Lassen Sie mich zu den Strukturmerkmalen des Bildungsberichts der Regierung zurückkommen. Meine Fraktion hat vier solcher Strukturprinzipien des Bildungsberichts mit besonderer Zustimmung zur Kenntnis genommen: Erstens den Grundsatz der Chancengleichheit, zweitens den Grundsatz der Demokratisierung, drittens den des pädagogischen Fortschritts und viertens den der Leistung. Lassen Sie mich zu diesen Strukturprinzipien des Bildungsberichts ein paar kommentierende Anmerkungen aus der Sicht meiner Fraktion machen.

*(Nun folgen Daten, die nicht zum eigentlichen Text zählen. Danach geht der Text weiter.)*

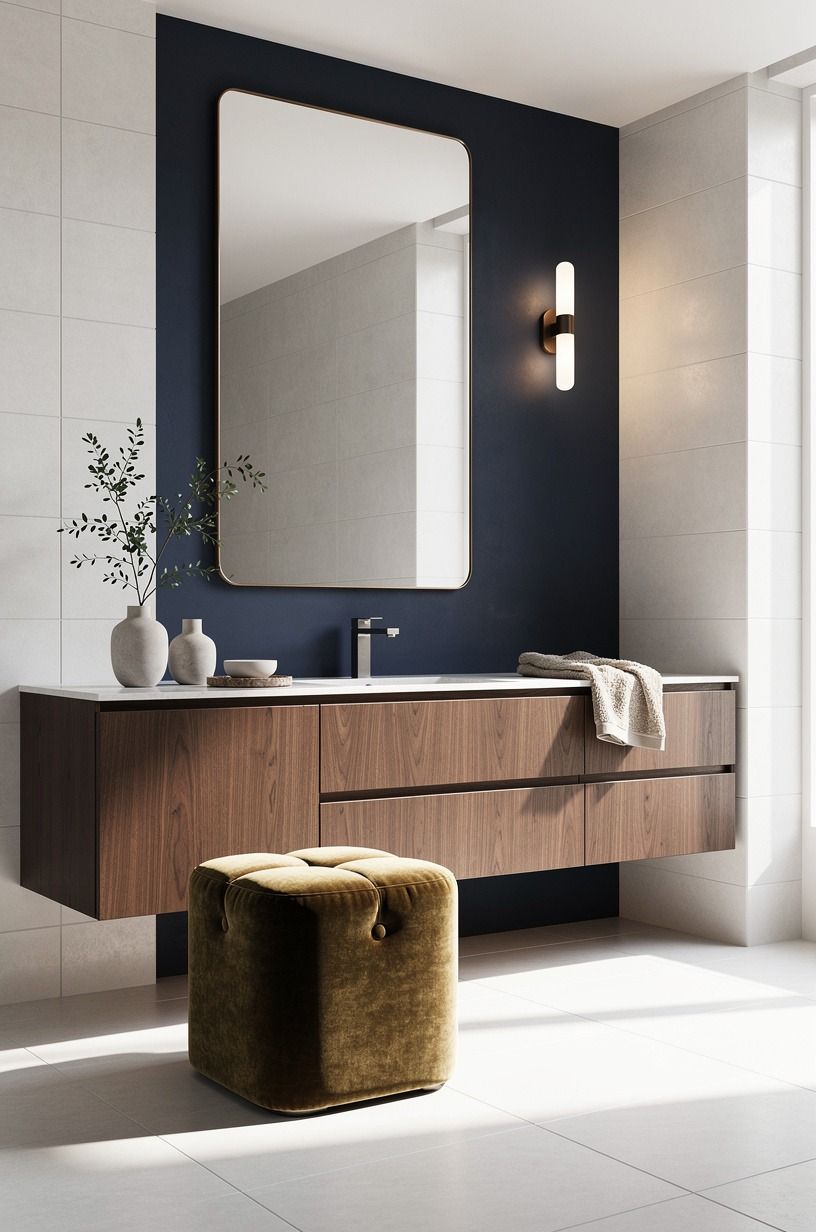 Anchor the room with a floating wood vanity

Für die Realisierung der Chancengleichheit haben wir eine Reihe konkreter Vorschläge gemacht. Sie reichen von der Vorschulerziehung über ein sehr differenziertes Programm bis zur Aus- und Weiterbildung von Erwachsenen in ihren Berufen. Sie führen auch zu einem neuen Verständnis des Lehrers und des Lehrerberufs. Wir wollen den Lehrer nicht länger als einen gesellschaftlichen Exponenten einer vergehenden ständischen Ordnung sehen, sondern als Moderator eines pädagogischen, sich inhaltlich demokratisierenden Bildungssystems.
Aus dieser neuen Sicht des Lehrers haben wir die Folgerung gezogen, ihn so auch im Bildungsbericht zu beschreiben.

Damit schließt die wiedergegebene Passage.